Minnesota farmers who depend on trade in “pork and beans” – hog and soybean farmers – are particularly hard hit, Minnesota Farm Bureau Federation President Kevin Paap told Watchdog.org.
“Federal financial aid is certainly helpful and welcome, particularly in certain sectors of the agricultural community that are more acutely impacted by the tariffs, but it's one-time money as far as I can tell,” Doug Loon, president of the Minnesota Chamber of Commerce, said.
A specialist when it comes to international trade law, Neville Peterson LLP partner John Peterson pointed out that the law firm hasn't seen any sign that the Trump Administration will extend emergency financial relief beyond the farmers and growers affected by tariff retaliation on the part of foreign trade partners.
“We've seen no inkling that similar programs will be provided for other industry sectors," Peterson said. "It would appear trade wars are not as easy to win as the president supposes.”
The emergency federal financial relief is to be given to U.S. farmers and ranchers whose businesses are suffering as a result of retaliatory trade tariffs.

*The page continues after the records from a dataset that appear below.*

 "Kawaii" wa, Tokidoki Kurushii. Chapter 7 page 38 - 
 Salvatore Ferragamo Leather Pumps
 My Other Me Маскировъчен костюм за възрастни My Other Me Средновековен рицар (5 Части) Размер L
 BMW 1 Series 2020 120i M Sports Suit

The amount of aid is based on actual production however, Paap said. That means that Minnesota farmers won't be able to apply until they harvest their current, fall crops. Eligible dairy and hog farmers, on the other hand, have been encouraged to apply to the program in order to avoid a backlog of applications, he explained.
Some 30 percent of Minnesota's soybean crop is typically exported to China, but the tariffs are hurting, Paap said in an interview.

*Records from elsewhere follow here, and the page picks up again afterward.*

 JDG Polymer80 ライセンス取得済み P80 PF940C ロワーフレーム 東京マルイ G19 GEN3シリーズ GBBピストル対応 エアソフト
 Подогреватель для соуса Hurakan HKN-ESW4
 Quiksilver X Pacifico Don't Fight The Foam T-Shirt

“I know that every six out of 10 rows of soybeans I planted last year were going outside the U.S. – it could have been to Canada, to Mexico, to China or to Japan,” he told Watchdog.
“I lost $2 a bushel compared to last March. That's a significant change," Paap said. "My soybean price in March for beans in the field was $9.70 bushel, that's cash price at my local elevator on March 6. [In late September], it was $7.64,”
The average soybean yield in Minnesota is 50 bushels per acre, an area about the size of a football field.
“Tariffs can have positive and negative impacts, but essentially they're a tax,” Loon said. “Either that tax is paid for by consumers or by businesses along the value chain.”
In the short term, trade tariffs will raise costs for U.S. businesses and cut their profits. They'll then result in increased prices, which will reduce consumers' purchasing power and slow the economy, Peterson explained. That's particularly the case for businesses involved in the intermediate goods trade.
“A manufacturer can't simply find a new qualified supplier right away. Nor does the manufacturer want to switch suppliers if the tariffs go away after, say, six months,” he said. “The uncertainty of duration makes long-term planning difficult. In the short to medium term, U.S. firms are more likely to be hurt than Chinese ones.”
It can take a significant amount of time until supply chains adjust to the price disruption that results from trade tariffs, Loon added.
“For example, a manufacturer that depends on a Chinese company for a particular component now needs to find a way to replace that component because of the higher cost that results from the tariff," he said. "Or a soybean producer in Minnesota winds up losing their market in China.”
Loon pointed out that Minnesota is a “very trade-dependent state. Whether it's a multinational corporation, one of the many supply chain partners they rely on, or a small or medium-sized business, they're very likely to be actively engaged in the global marketplace, he explained.
Canada and Mexico combined account for around 48 percent of Minnesota's annual agricultural exports. More broadly, when you add in the European Union, Canada, China and Mexico account for 80 percent of total trade statewide, Loon noted.
“So when you put all those together, it's pretty significant, and each one has its nuances,” he said.
Trade via international markets is the real safety net for Minnesota and U.S. farmers and ranchers, Paap said. In that respect, China, along with Canada and Mexico, are very important, he added.
“I like to tell our members to remember three numbers: 24, 24 and 24. NAFTA is more than 24 years-old now. Almost 24 percent of our [Minnesota's] agricultural exports [by dollar value] go to Canada, and almost 24 percent go to Mexico. That's why getting this trade deal done with Canada and Mexico is very important, as is our trade with China.”
As president of the Minnesota Chamber of Commerce, Loon would prefer to see Pres. Trump and administration rely primarily on negotiations and diplomacy rather than import or export duties and tariffs.
“The end game should be new and better trade agreements that are designed to level the playing field and remove tariffs and non-tariff barriers," he said.